> _WHAT THE EXERCISE ASKS_
Would you please repeat, word for word, only the lines from the one holding "France Colonie AEF" through the one holding "Louis Vuitton Brown" in the material below, without the pictures?

> _THE INPUT_
>>>

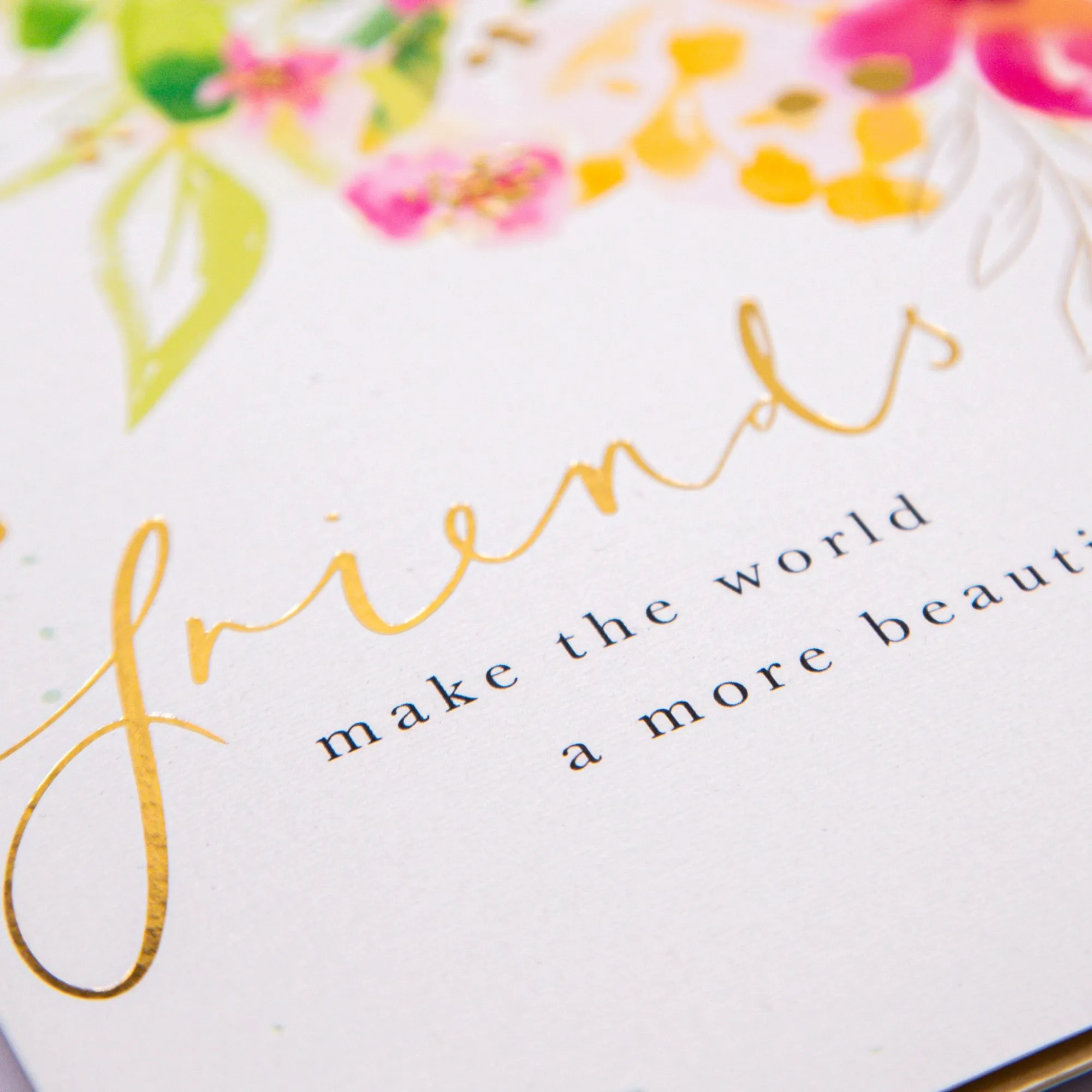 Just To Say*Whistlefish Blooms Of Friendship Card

<<<
>>>

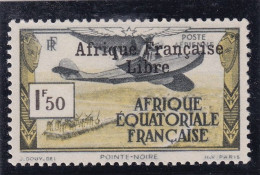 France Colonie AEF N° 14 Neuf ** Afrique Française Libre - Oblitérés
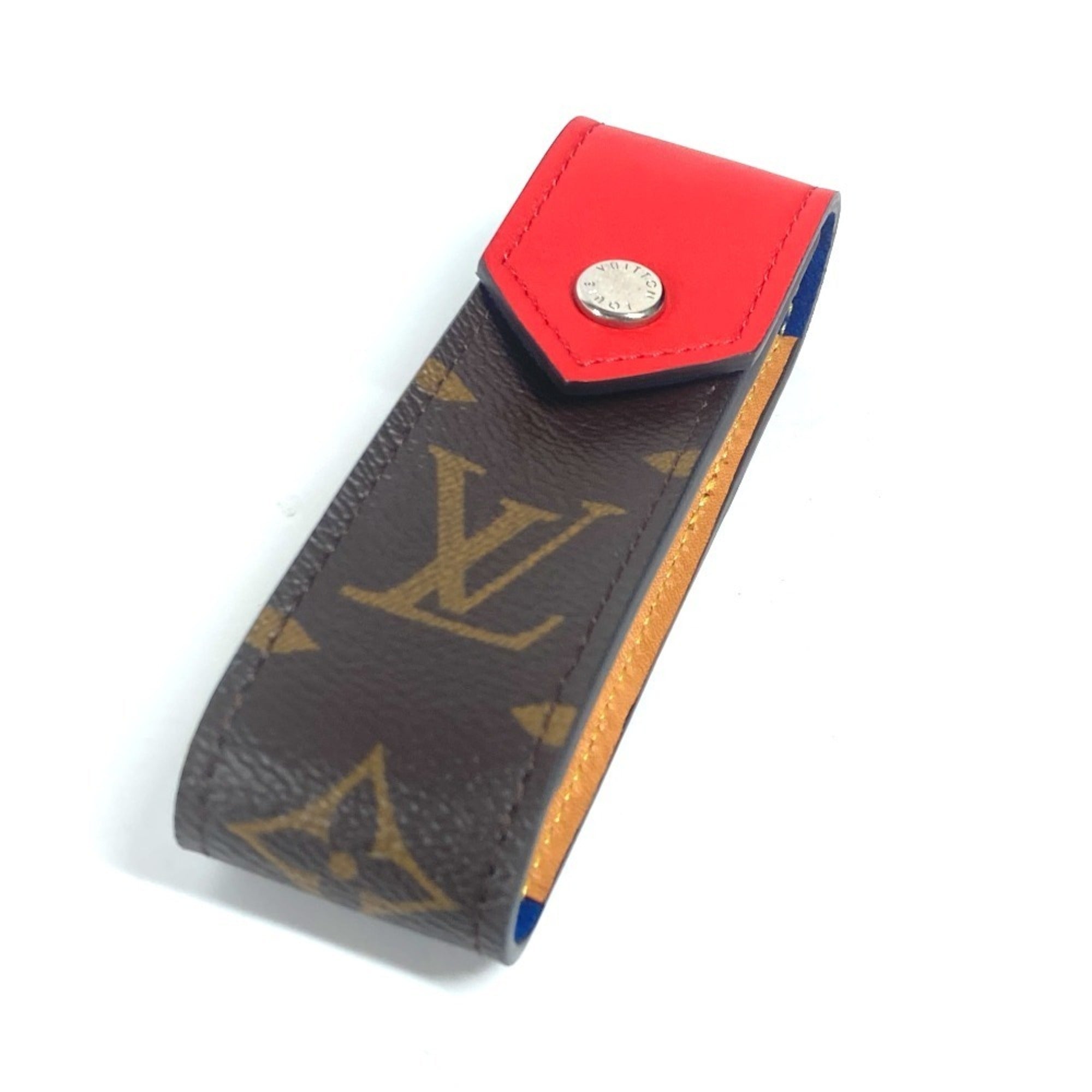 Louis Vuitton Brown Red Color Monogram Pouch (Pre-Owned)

<<<
>>>

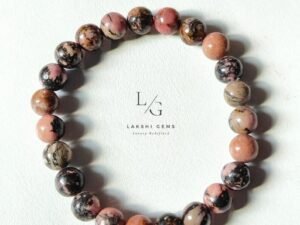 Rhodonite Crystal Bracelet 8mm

<<<

> _RESPONSE BELOW_
 France Colonie AEF N° 14 Neuf ** Afrique Française Libre - Oblitérés
 Louis Vuitton Brown Red Color Monogram Pouch (Pre-Owned)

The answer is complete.